From: Kevin Wolf <kwolf@redhat.com>
To: "Michael S. Tsirkin" <mst@redhat.com>
Cc: qemu-block@nongnu.org, qemu-devel@nongnu.org, mreitz@redhat.com,
	Denis Plotnikov <den-plotnikov@yandex-team.ru>,
	yc-core@yandex-team.ru, raphael.norwitz@nutanix.com
Subject: Re: [PATCH v3 2/3] vhost-user-blk: perform immediate cleanup if disconnect on initialization
Date: Thu, 22 Apr 2021 11:31:55 +0200	[thread overview]
Message-ID: <YIFCi1vJR4jpMJ1r@merkur.fritz.box> (raw)
In-Reply-To: <20210421155929-mutt-send-email-mst@kernel.org>

Am 21.04.2021 um 21:59 hat Michael S. Tsirkin geschrieben:
> On Wed, Apr 21, 2021 at 07:13:24PM +0300, Denis Plotnikov wrote:
> > 
> > On 21.04.2021 18:24, Kevin Wolf wrote:
> > > Am 25.03.2021 um 16:12 hat Denis Plotnikov geschrieben:
> > > > Commit 4bcad76f4c39 ("vhost-user-blk: delay vhost_user_blk_disconnect")
> > > > introduced postponing vhost_dev cleanup aiming to eliminate qemu aborts
> > > > because of connection problems with vhost-blk daemon.
> > > > 
> > > > However, it introdues a new problem. Now, any communication errors
> > > > during execution of vhost_dev_init() called by vhost_user_blk_device_realize()
> > > > lead to qemu abort on assert in vhost_dev_get_config().
> > > > 
> > > > This happens because vhost_user_blk_disconnect() is postponed but
> > > > it should have dropped s->connected flag by the time
> > > > vhost_user_blk_device_realize() performs a new connection opening.
> > > > On the connection opening, vhost_dev initialization in
> > > > vhost_user_blk_connect() relies on s->connection flag and
> > > > if it's not dropped, it skips vhost_dev initialization and returns
> > > > with success. Then, vhost_user_blk_device_realize()'s execution flow
> > > > goes to vhost_dev_get_config() where it's aborted on the assert.
> > > > 
> > > > To fix the problem this patch adds immediate cleanup on device
> > > > initialization(in vhost_user_blk_device_realize()) using different
> > > > event handlers for initialization and operation introduced in the
> > > > previous patch.
> > > > On initialization (in vhost_user_blk_device_realize()) we fully
> > > > control the initialization process. At that point, nobody can use the
> > > > device since it isn't initialized and we don't need to postpone any
> > > > cleanups, so we can do cleaup right away when there is a communication
> > > > problem with the vhost-blk daemon.

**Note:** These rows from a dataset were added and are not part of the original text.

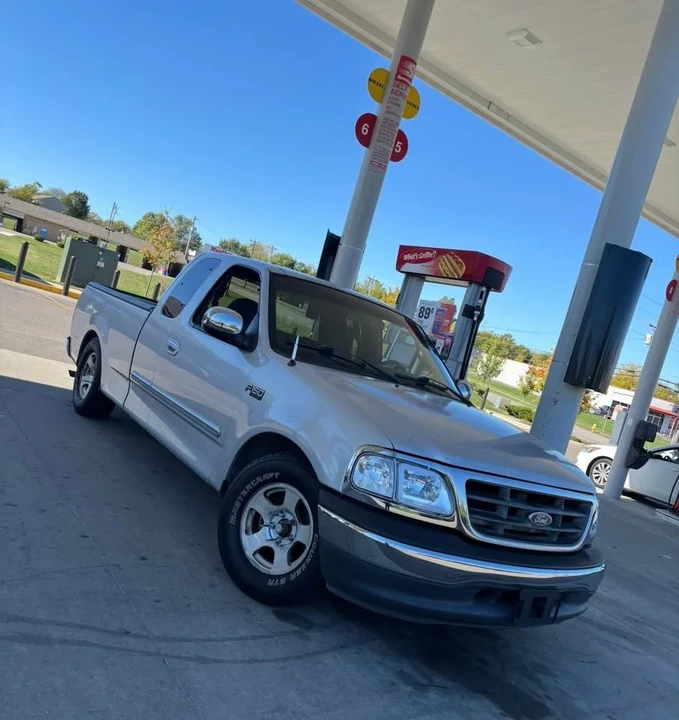 2001 Ford F-150 10th Gen - Image 2 of 9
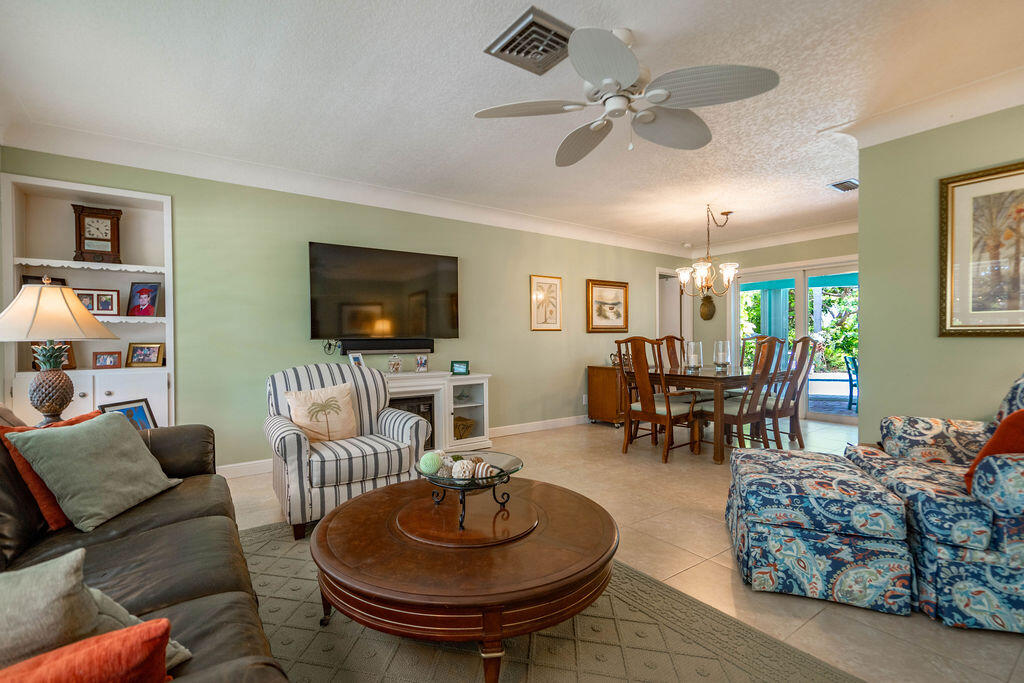 2823 NE 35th Lighthouse Point, FL 33064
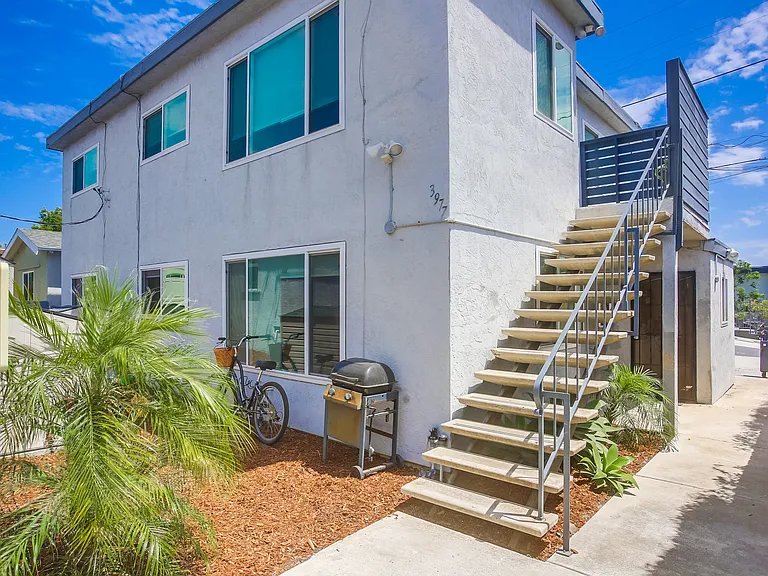 3977 Ingraham St #B — Photo 3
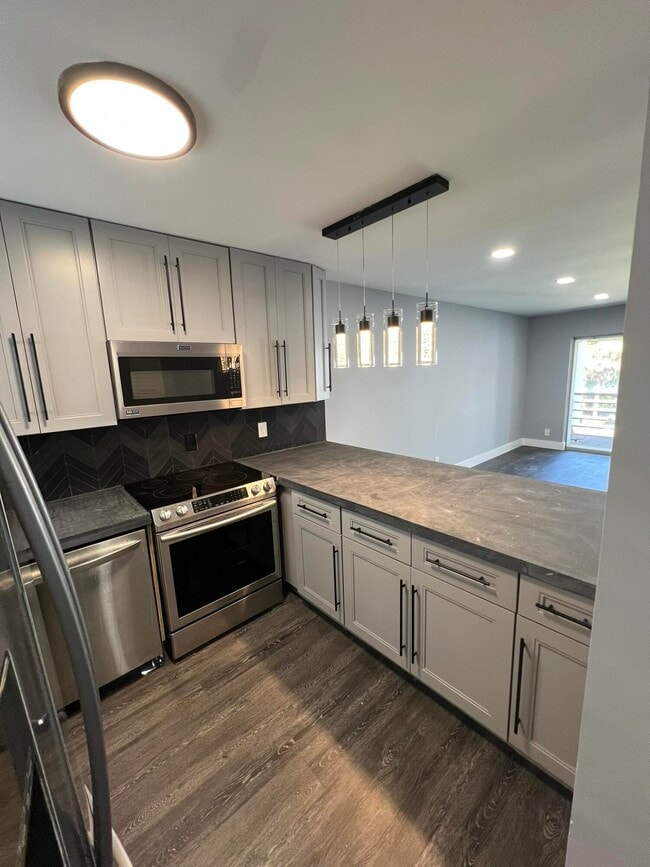 1630 Embassy Dr in West Palm Beach, FL - Building Photo - Building Photo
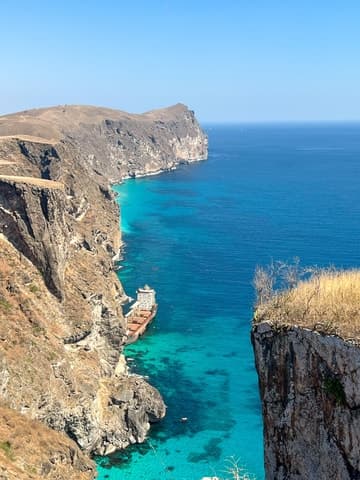Fazayah Beach Escape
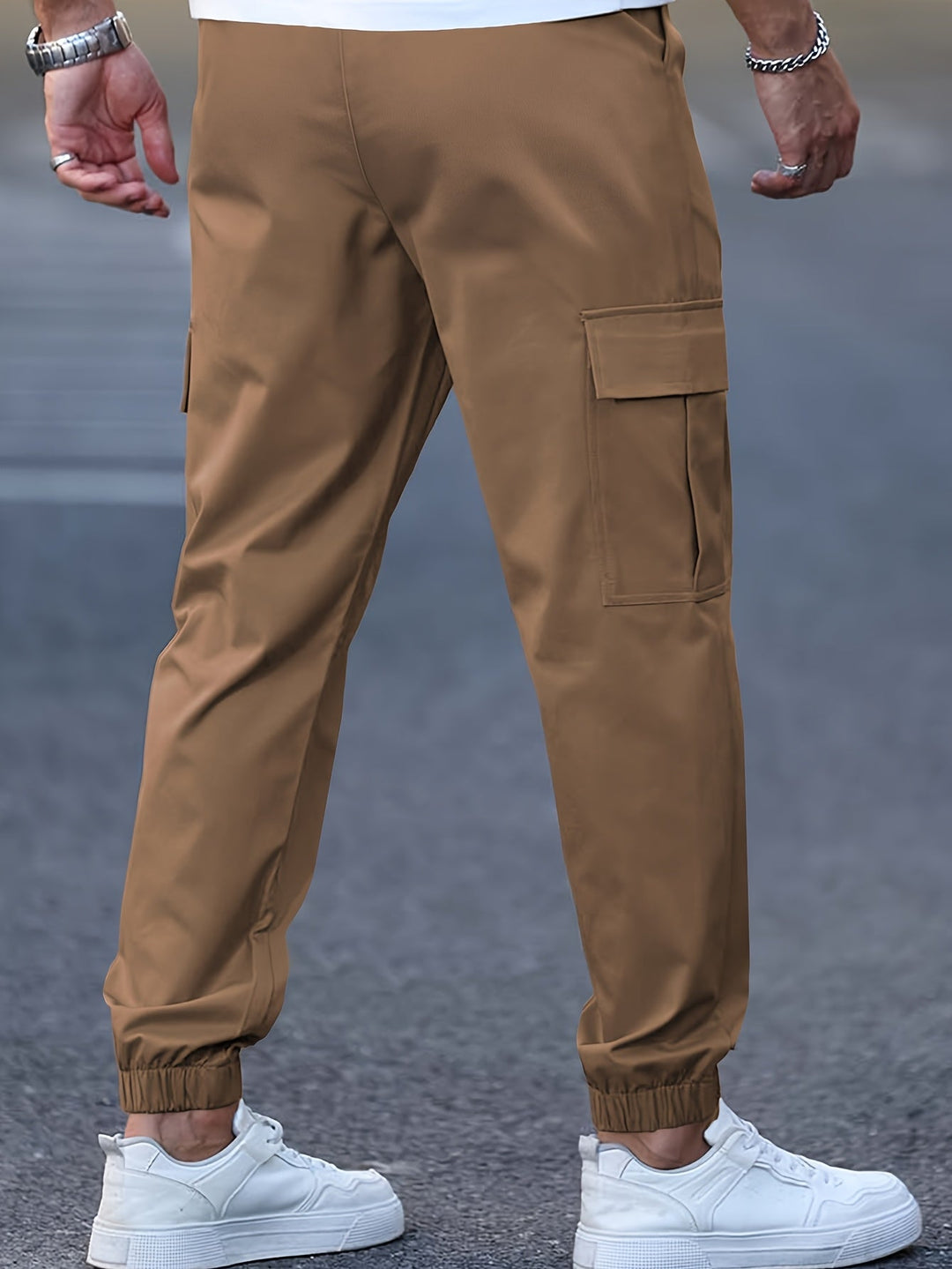 Braune Raphael Herren-Cargohose mit seitlichen Taschen, elastischen Beinbündchen und Kordelzug am Bund im modernen Jogger-Stil.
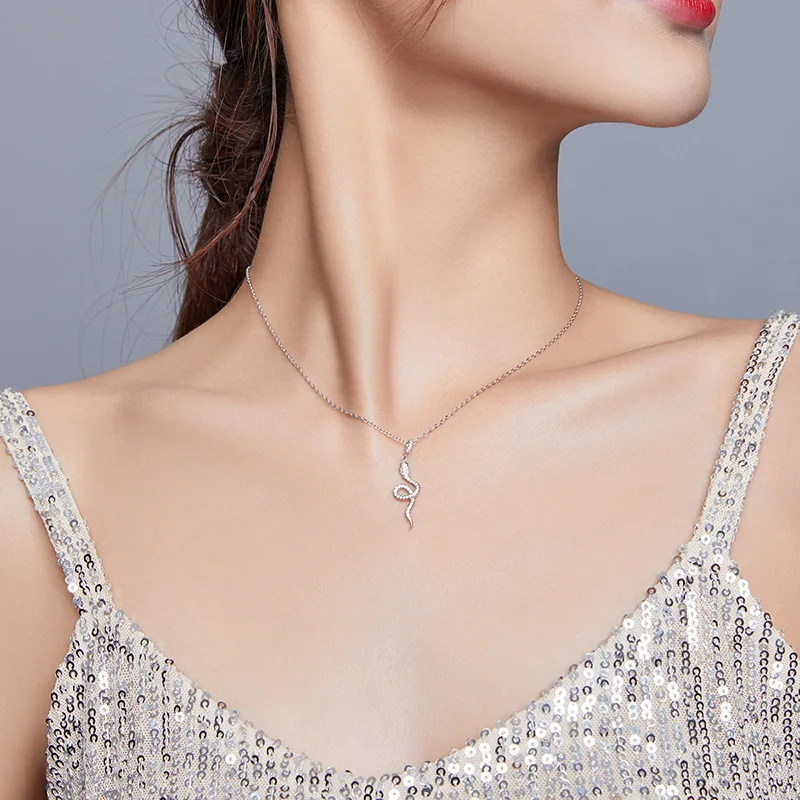 Ожерелье Зеленые глаза Змеи 2022 Новинка для женщин Модная Личность Роскошный Подвеска Свадебные украшения Подарки на День Рождения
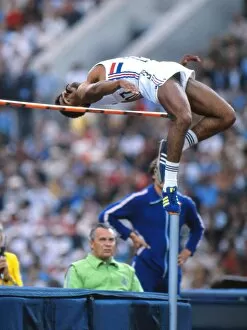 Images Dated 31st August 2010: Daley Thompson in the high jump at the 1980 Olympics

> > > > On operation we leave it as is, since the disconnect may happen when
> > > > the device is in use, so the device users may want to use vhost_dev's data
> > > > to do rollback before vhost_dev is re-initialized (e.g. in vhost_dev_set_log()).
> > > > 
> > > > Signed-off-by: Denis Plotnikov <den-plotnikov@yandex-team.ru>
> > > > Reviewed-by: Raphael Norwitz <raphael.norwitz@nutanix.com>
> > > I think there is something wrong with this patch.
> > > 
> > > I'm debugging an error case, specifically num-queues being larger in
> > > QEMU that in the vhost-user-blk export. Before this patch, it has just
> > > an unfriendly error message:
> > > 
> > > qemu-system-x86_64: -device vhost-user-blk-pci,chardev=vhost1,id=blk1,iommu_platform=off,disable-legacy=on,num-queues=4: Unexpected end-of-file before all data were read
> > > qemu-system-x86_64: -device vhost-user-blk-pci,chardev=vhost1,id=blk1,iommu_platform=off,disable-legacy=on,num-queues=4: Failed to read msg header. Read 0 instead of 12. Original request 24.
> > > qemu-system-x86_64: -device vhost-user-blk-pci,chardev=vhost1,id=blk1,iommu_platform=off,disable-legacy=on,num-queues=4: vhost-user-blk: get block config failed
> > > qemu-system-x86_64: Failed to set msg fds.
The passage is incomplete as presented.